Volume 7 · 390 words · 1842 Edition

GEORGE, a clergyman of the church of England, and author of several learned works, was born about the year 1710. He was educated at Wadham College, Oxford, and took the degree of A.M. in 1773. The first ecclesiastical preferment he obtained was that of curate of Islip, in Oxfordshire. In 1747 he published, in 8vo, some observations tending to illustrate the Book of Job. In 1750 he published two dissertations: one on the meaning of the word Kesita, mentioned in Job (chap. xlii. ver. 11); and another on the signification of the word Hermes.
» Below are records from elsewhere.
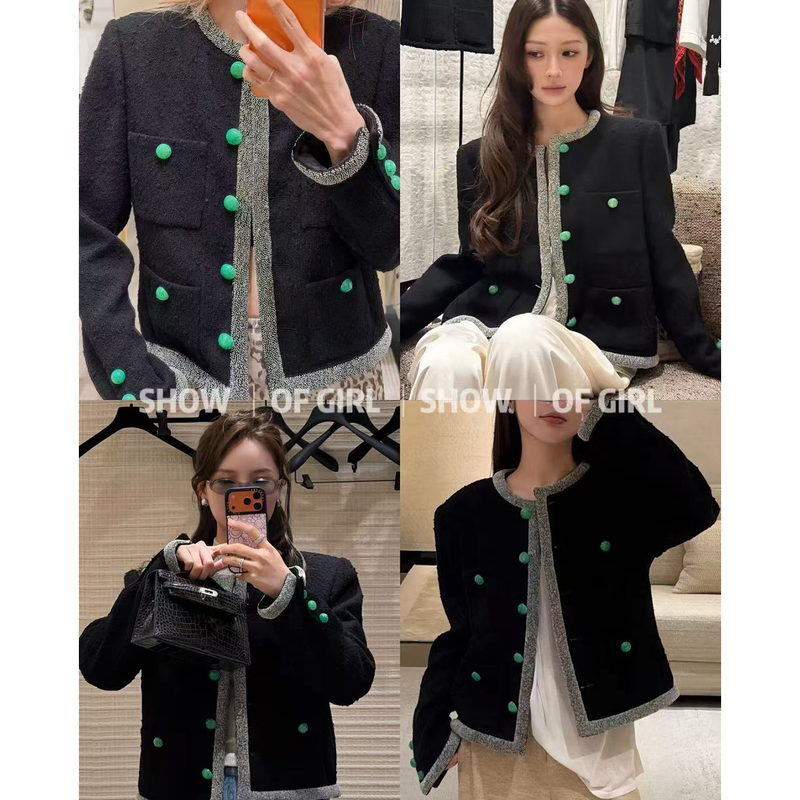 Show of Girl 26A Jade Silver Inlay! Heavy-Duty Contrasting Green Button Tweed Long-Sleeve Jacket Coat Top Show of Girl 26A Jade Silver Inlay! Heavy-Duty Contrasting Green Button Tweed Long-Sleeve Jacket Coat Top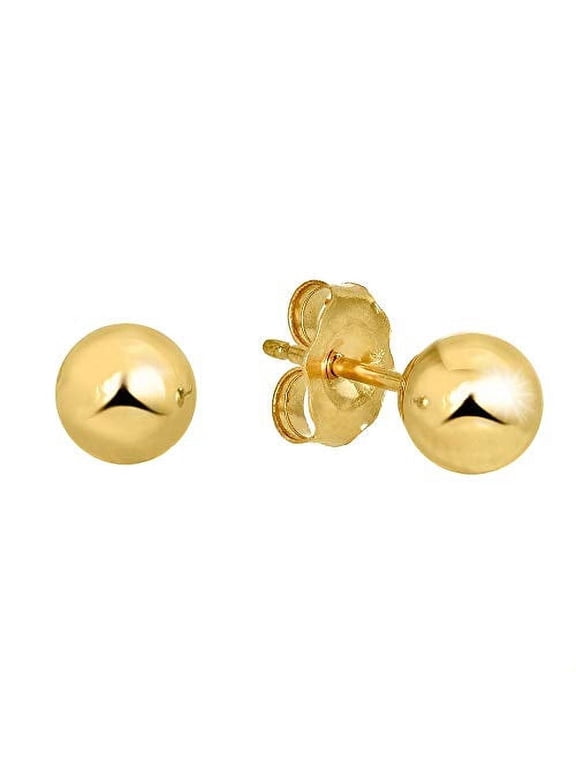 Jewelstop 14K Real Yellow Gold Stud Ball Earrings, Gold Friction Backs - 7 mm
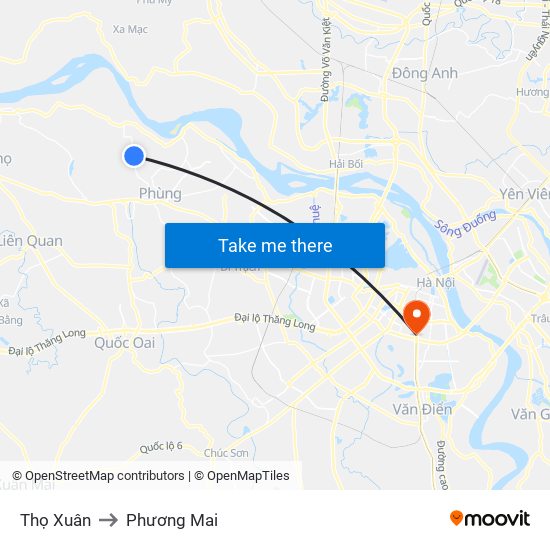 Thọ Xuân to Phương Mai map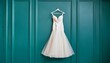 © Marie K - elegant wedding dress hanging on teal wall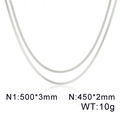 Double-layered silver stainless steel snake chain necklace with dual-width links - Steel Color Double-Layer Design (KN288932-Z)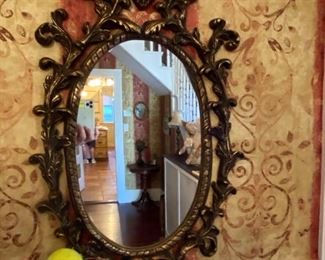 Gilt Oval Victorian Mirror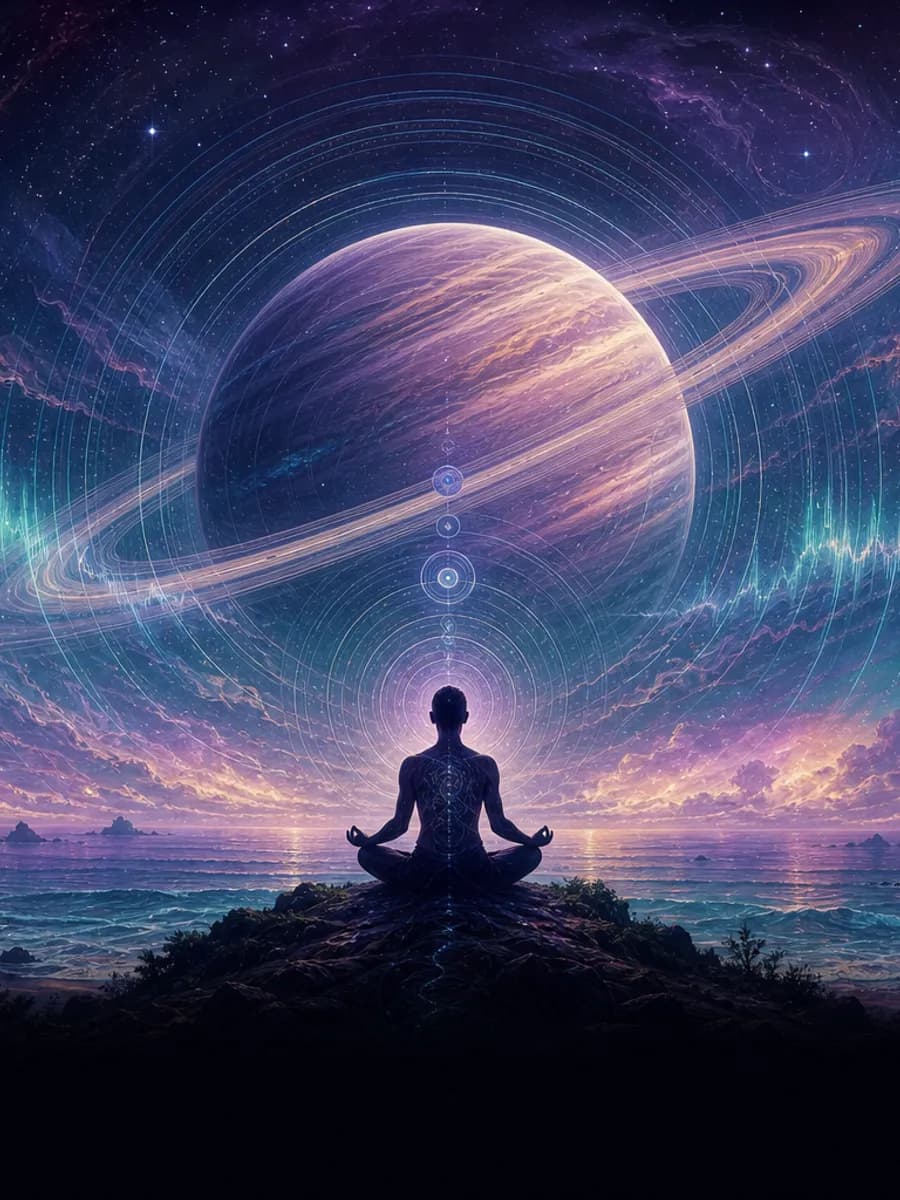 Cosmic meditation art with planets and sound waves
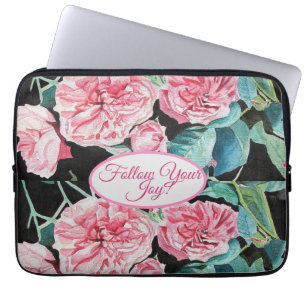 Funda Para Portátil Rosa Roses rosados floral Sigue tu patrón de alegr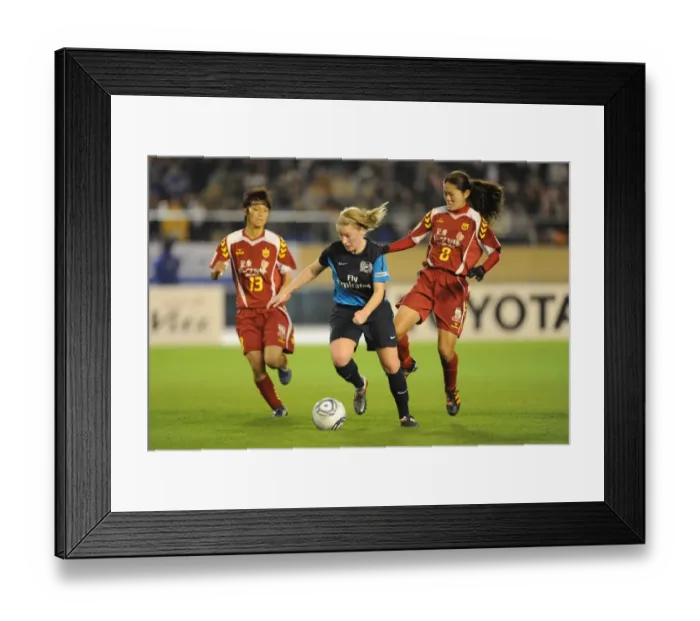Framed Print : INAC Kobe vs. Arsenal Ladies: A 1-1 Draw in Tokyo's Charity Match at Nishigaoka Stadium (November 30, 2011) - A Clash of Stars: Kim Little vs. Chiaki Minamiyama and Homare Sawa Framed Print : INAC Kobe vs. Arsenal Ladies: A 1-1 Draw in Tokyo's Charity Match at Nishigaoka Stadium (November 30, 2011) - A Clash of Stars: Kim Little vs. Chiaki Minamiyama and Homare Sawa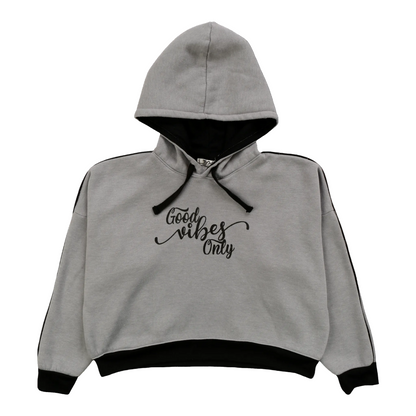 Hoodie with Piping ("Good Vibes Only")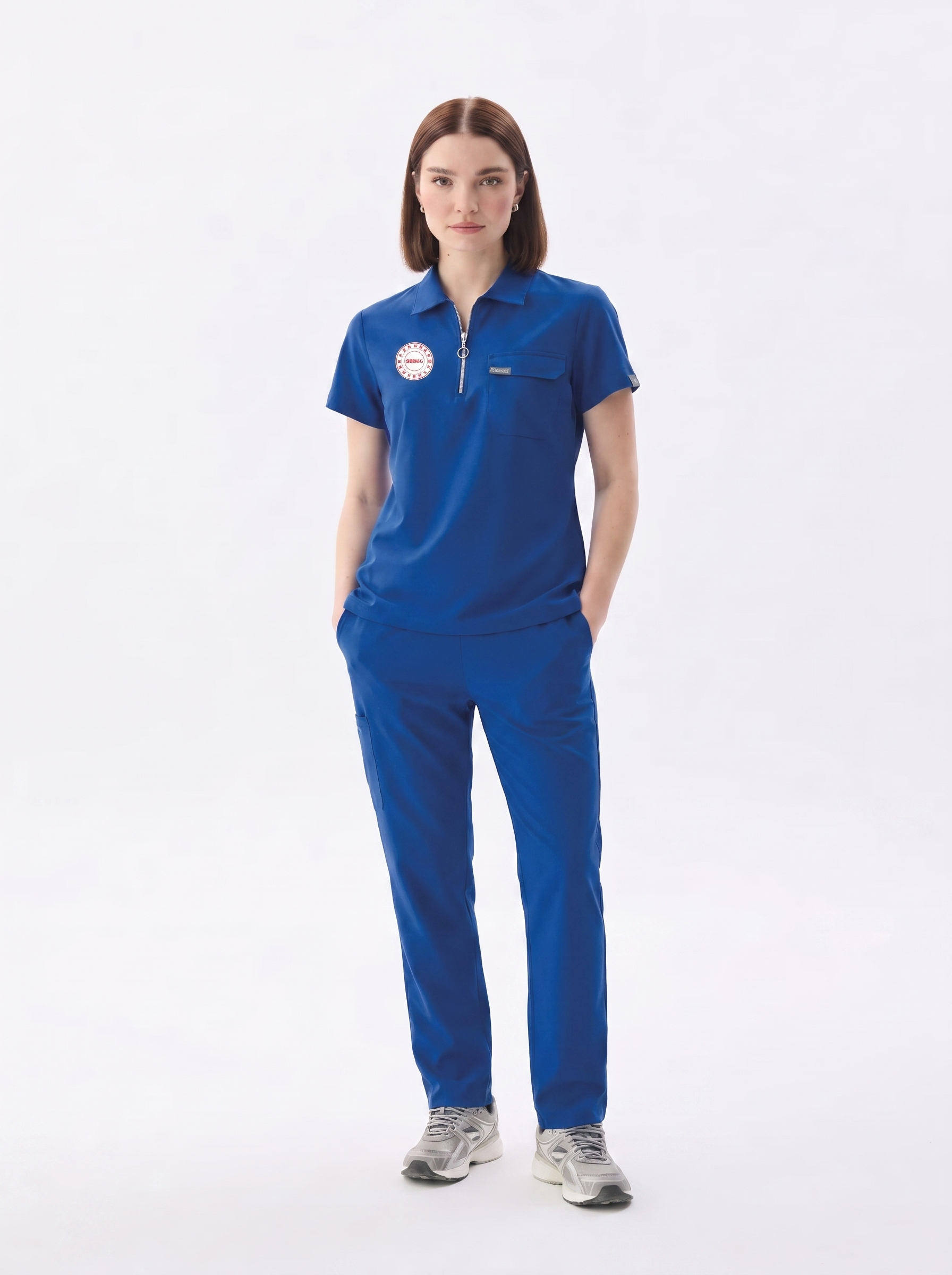 Armalı Kadın Polo Saks Mavisi Temizlik Personeli Likralı Scrubs Takım (Yeni Yönetmeliğe Uygun - Dazzling Blue)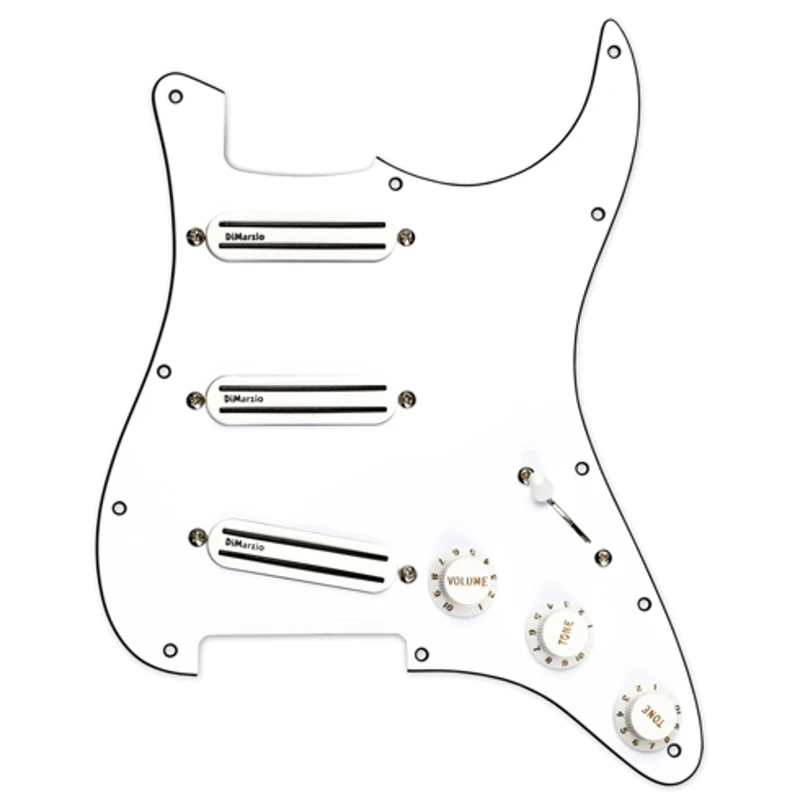 DiMarzio FG2108WA7 Pre-Wired High Power Strat Pickguard Pickguard Set, White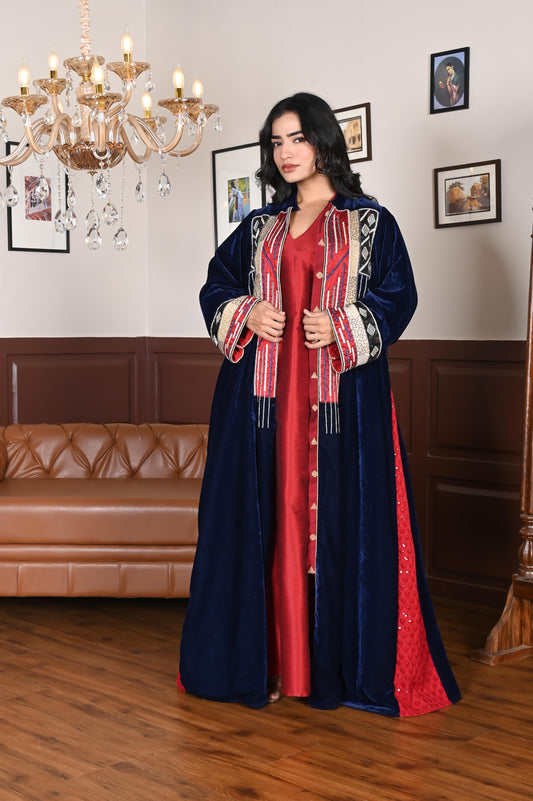 CERA  velvet  BISHT set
In 1752 he published in 8vo; at Oxford, Dissertationes dua Critico-sacrae, quarum primum explicatur, Ezeh. xii. 18, altera vero 2 Reg. x. 22. In 1775 he wrote a letter to Dr. Birch, which is preserved in the British Museum, respecting the meaning of the phrase sphera barbarica. Some time after this he undertook to publish a second edition of Dr. Hyde's Historia Religiosum veterum Persarum, eorumque Mogomorium, which was accordingly printed under his inspection and with his corrections, at the Clarendon Press at Oxford, in 4to. In 1760 Mr. Costard's extensive learning having recommended him to the notice of Lord Chancellor Northington, he obtained, by the favour of that nobleman (in June 1764), the vicarage of Twickenham, in Middlesex; in which situation he continued till his death. In 1797 he published, in one volume quarto, The History of Astronomy, with its application to Geography, History, and Chronology, and occasionally exemplified by the Globes. This work was chiefly intended for the use of students, and contains a distinct view of the several improvements made in geography and astronomy. In 1778 he published, in 8vo, A Letter to Nathaniel Brassey Halhed, Esq., containing some Remarks on his preface to the Code of Gentoo Laws. This appears to have been the last of his publications. It contains criticisms which were intended to invalidate the opinion which Mr. Halhed had conceived concerning the great antiquity of the Gentoo laws; and also arguments against a notion which had been adopted by several writers, drawn from the observation of natural phenomena, that the world is far more ancient than it is represented to be by the Hebrew chronology. Mr. Costard died on the 10th of January 1782. He was a man of uncommon learning, and eminently skilled in Grecian and oriental literature.